The areas emphasized above in no way preclude submission of proposals concerning other topics. Any topic approved by a coordinating BD Hub is welcome. Proposals must articulate a clear focus within a specific Big Data topic or application area, while highlighting its Big Data innovation theme. All BD Spokes must have clearly defined mission statements with goals and corresponding metrics of success. Some examples that illustrate the specificity and level of detail for missions are:
- Use a specific set of analytical tools to improve the lead time for predictions of certain critical regional indicators by a given percentage
- Given a specific set of high value data sets that were previously siloed and, therefore, usable only within a single research group or institution, make them available to a broader set of groups, or to the public at large, along with appropriate privacy and access control mechanisms
- Adapt specific Big Data technologies to automate previously tedious and manual data collection and curation processes for specific types of data in a given field of science
- For a specific genre of data, introduce new types of (automated) analytics—which were previously tedious to perform and manual in nature—that can be performed with minimal human intervention
BD Spokes are intended to convene stakeholders to augment and spawn new research efforts as opposed to directly carrying out traditional research. Potential activities for BD Spokes include, but are not limited to:
- Accelerating the creation and development of Big Data solutions relevant to its mission by convening stakeholders across sectors (e.g., academic, industry, non-profits, government, etc.) to partner in results-driven programs and projects
- Driving successful pilot programs by acting as a matchmaker among the various stakeholders
- Engaging stakeholders across the region—including solution providers and end users—to enable dialogue, share best practices, and/or set standards for data access, data formats, metadata, etc.
- Connecting critical data resources to diverse stakeholders that can best utilize them to fulfill the BD Spoke mission.

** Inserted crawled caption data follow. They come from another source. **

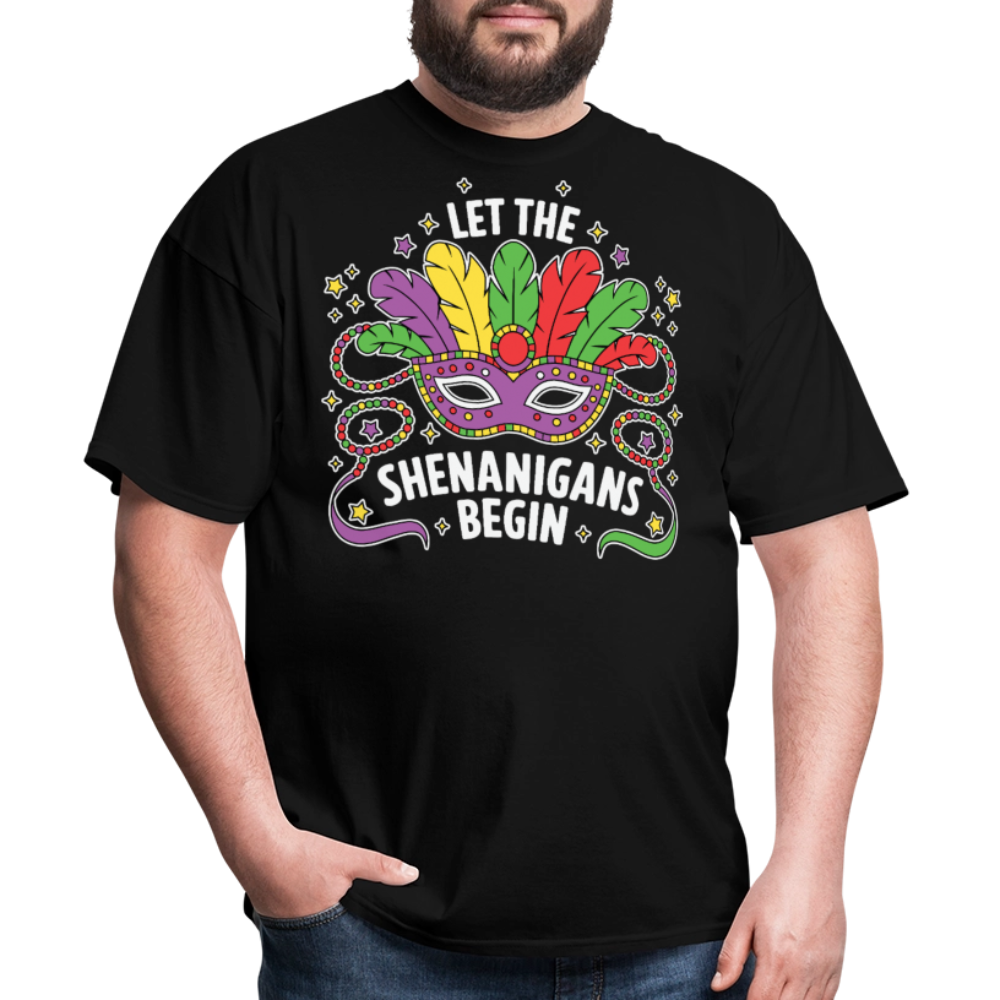 Funny Let the Shenanigans Begin Mardi Gras Party T-shirt - black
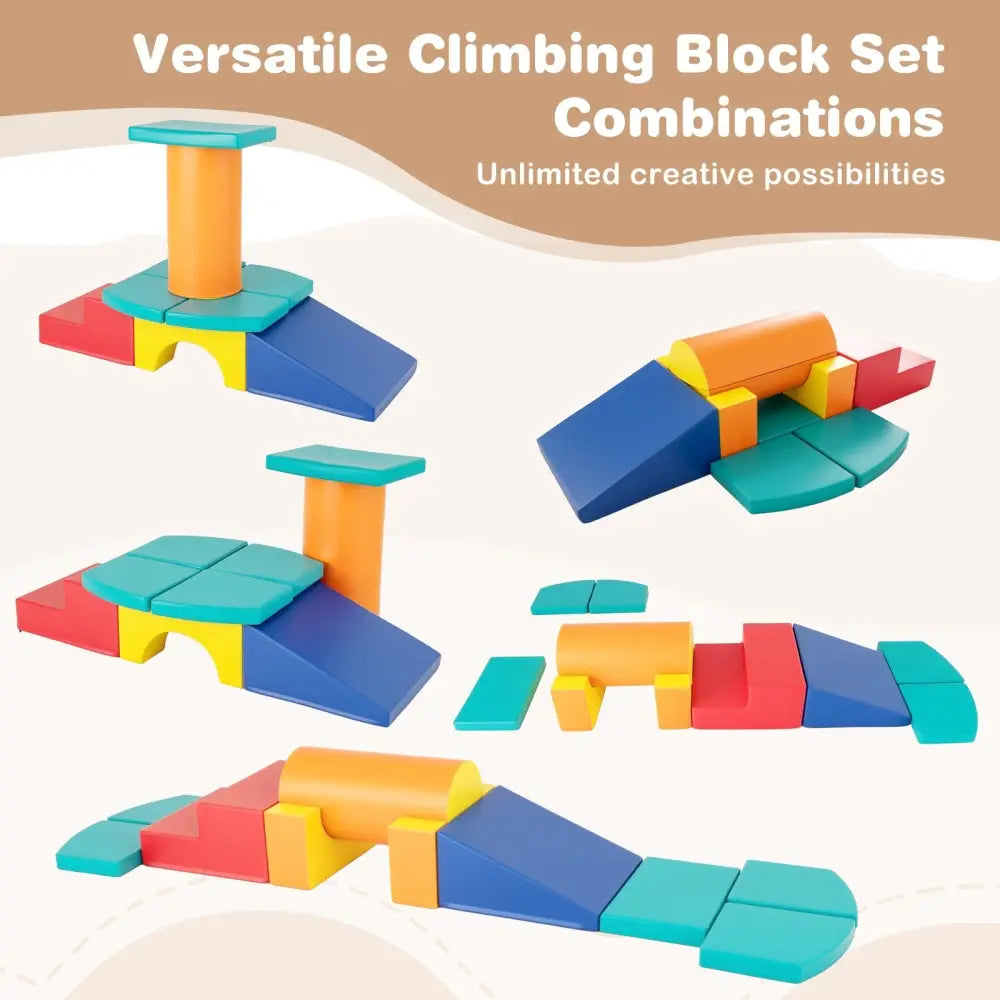 10-Piece Foam Climbing Toys for Toddlers-Multicolor - Multicolor - Climbers & Slides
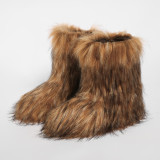 European and American Style Plush Snow Boots for Women Winter Non-Slip Furry Shoes Imitation Raccoon Fur Warm Y2K Plus Size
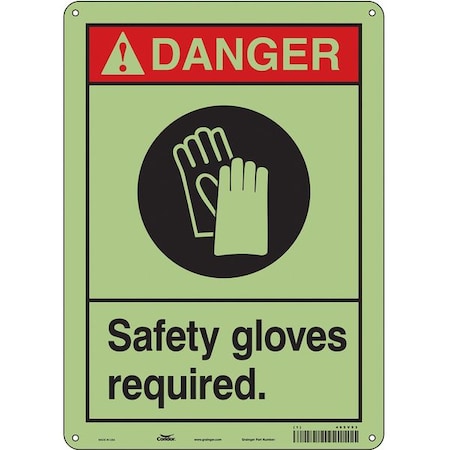 Safety Sign, 14 in Height, 10 in Width, Polyethylene, Vertical Rectangle, English, 465V93 MPN:465V93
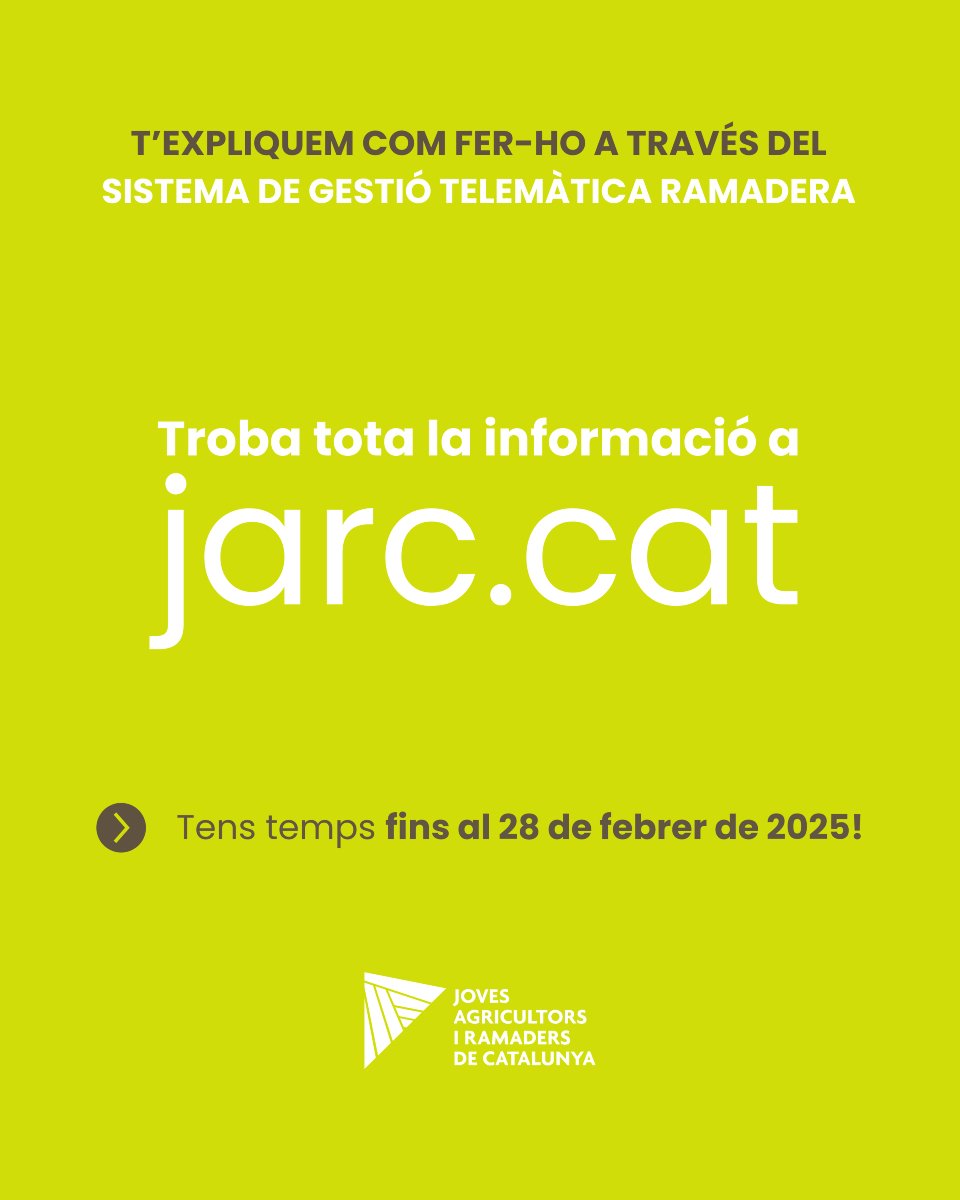 JARC_COAG's tweet image. 📢 Recorda!

És obligatori declarar el cens d'animals abans del 28 de febrer.

📄 Consultar tota la informació detallada a jarc.cat/pressionant-pe…

Si tens dubtes o et cal un cop de mà, posa't en contacte amb les nostres oficines.

#JARC #Ramaders #Normativa #CensAnimals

Amount: A total of $10,000,000 is anticipated. Award size is dependent upon the award type, as follows:
- SMALL Spokes: Awards with total budgets from $100,000 to $500,000 over a period of up to 3 years. These awards are intended for collaborative projects, involving multiple institutions, for establishing BD Spokes on specific topics/themes related to Big Data innovation. SMALL proposals should focus on specific topics/themes related to Big Data innovation and be consistent with the regional and national priorities identified by the BD Hubs.
- MEDIUM Spokes: Awards with total budgets (including indirect costs) from $500,001 to $1,000,000 over a period of up to 3 years. MEDIUM proposals must deliver tangible outcomes, for example: (1) explicit results from data-enabled or data-facilitated inquiry in a scientific or engineering field or other domain area; (2) a prototype or proof of concept for a technology platform, data product, data standards, or other data infrastructure; or (3) an education or workforce development program with a plan for deployment and sustainment beyond the three-year award period.
Eligibility: Proposals may be submitted by the following:
- Universities and colleges: Universities and two- and four-year colleges (including community colleges) accredited in, and having a campus located in, the U.S. acting on behalf of their faculty members
- Nonprofit, non-academic organizations: Independent museums, observatories, research labs, professional societies and similar organizations in the U.S. associated with educational or research activities
- State and local governments: State educational offices or organizations and local school districts
Applicants should have past successful experiences engaging in Big Data Innovation activities. Proposals must identify the need to be formally connected to a regional BD Hub and the reasons why accomplishing the proposed activities will not be feasible outside the BD Hubs ecosystem. It is expected that the Principal Investigators (PIs) of a BD Spoke proposal will have engaged in serious and in-depth discussions with their corresponding BD Hub PIs and Steering Committee prior to submitting their proposal. BD Spoke proposers must seek formal approval from the regional BD Hub Steering Committee in the form of a letter of collaboration.